It is impossible to consider common properties of elements of an infinite
set since, as is known from psycology, a man can consider no more than 7
objects simultaneously. Therefore consideration of such objects as a
multitude of triangles seems to be impossible. Nevertheless we consider
such multitudes and obtain results which seem to be true. The method we
employ is comsideration of a very specific "*single but arbitrary*" object.
Your remarkable objection that "*if two mathematicians consider two
different arbitrary objects they will obtain different results"* demonstrates
that you are not a mathematician. Arbitrary element is not an object, it is
a mental but non-physical process which* enables one to do a physically
impossible thing : to observe an infinite set of objects
then all their common properties at a single really existing object.
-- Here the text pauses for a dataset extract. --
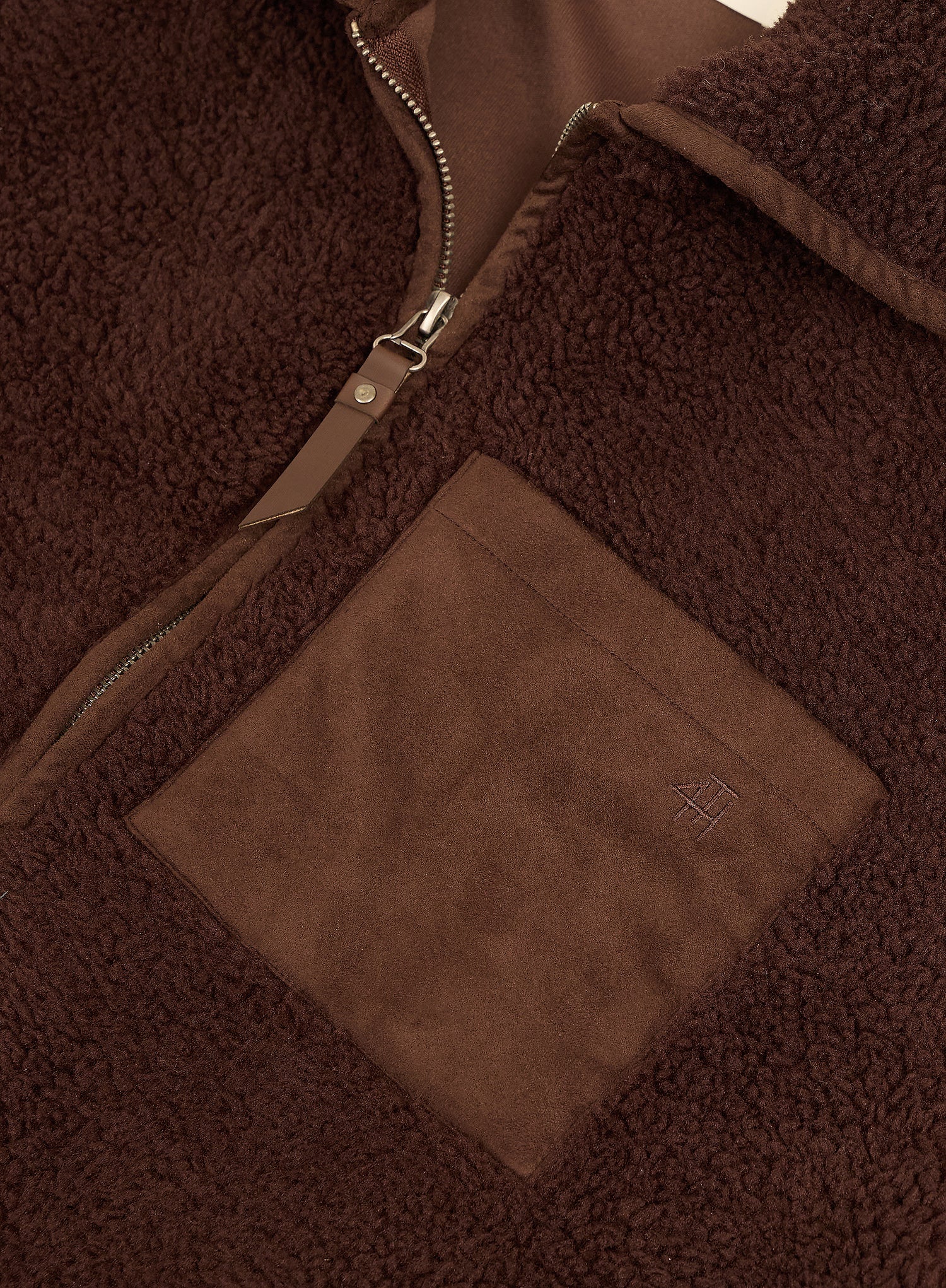 Chocolate Pocket Detail Zip Fleece Jacket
Therefore two different mathematicians will necessarily obtain the same
On Wed, May 30, 2012 at 12:13 AM, Jesse Mazer <laserma...@gmail.com> wrote:
> On Tue, May 29, 2012 at 3:01 PM, Aleksandr Lokshin <aaloks...@gmail.com>wrote:
>> <<*The notion of "choosing" isn't actually important--if a proof says
>> something like "pick an arbitrary member of the set X, and you will find it
>> obeys Y", this is equivalent to the statement "every member of the set X
>> obeys Y"*>>
>> No, the logical operator "every" contains the free will choice inside
>> of it. I do insist that one cannot consider an infinite set of onjects
> Why do you think we can't do so in the way I suggested earlier, by
> considering common properties they are all defined to have, like the fact
> that each triangle consists of three straight edges joined at three
> vertices? If I construct a proof showing that, if I take some general
> properties as starting points, I can then derive some other general
> properties (like the fact that the angles add up to 180), where in such a
> proof have I considered any specific triangle?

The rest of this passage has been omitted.